Reproduce word for word, from the entries below, the line with "Audi A5 Sportback", the line with "Peinture bois ADDICT", and every line between them, and nothing more.

Data
########

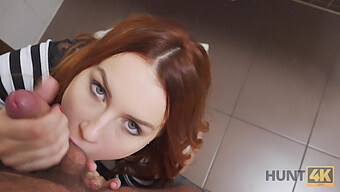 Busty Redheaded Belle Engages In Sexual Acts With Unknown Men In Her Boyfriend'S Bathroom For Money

########

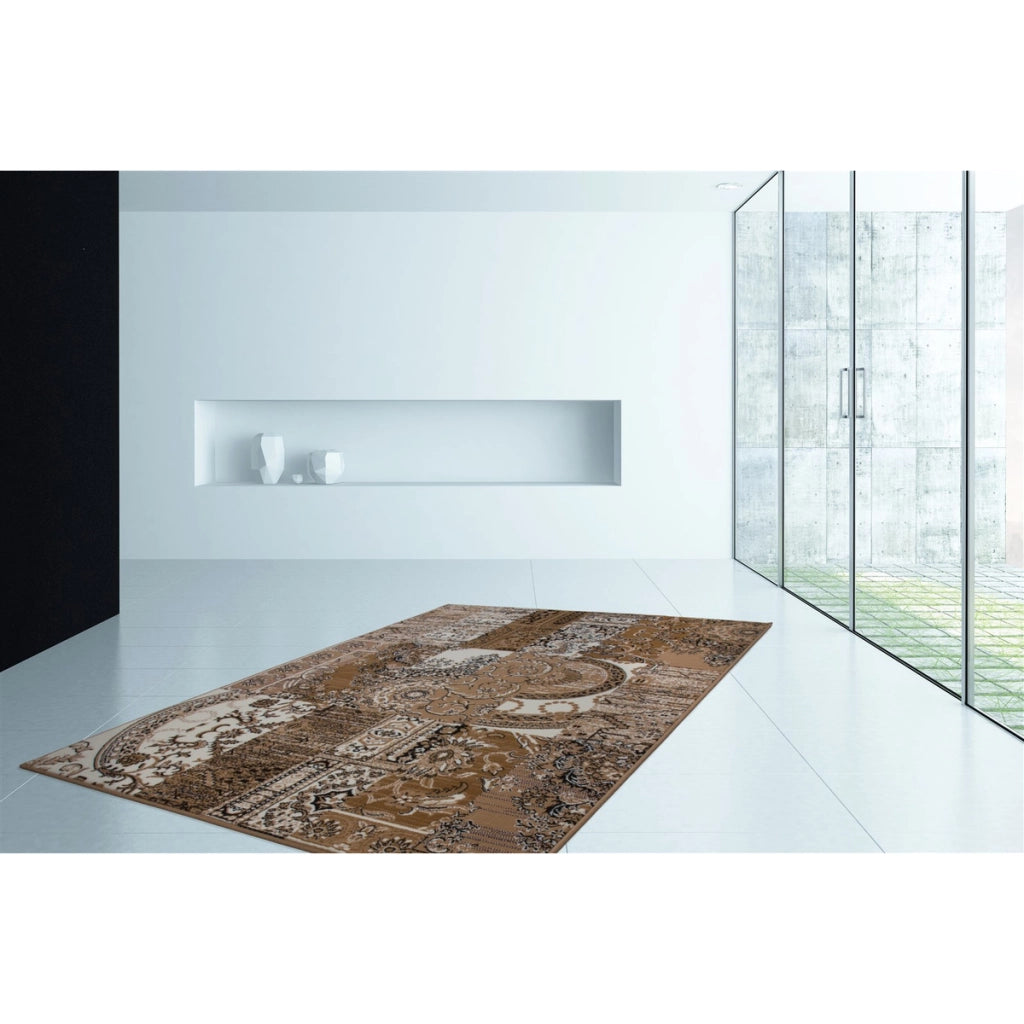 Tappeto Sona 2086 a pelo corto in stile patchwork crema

########

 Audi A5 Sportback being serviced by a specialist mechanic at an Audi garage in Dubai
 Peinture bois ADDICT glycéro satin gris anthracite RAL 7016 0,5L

########

Task response
 Audi A5 Sportback being serviced by a specialist mechanic at an Audi garage in Dubai
 Peinture bois ADDICT glycéro satin gris anthracite RAL 7016 0,5L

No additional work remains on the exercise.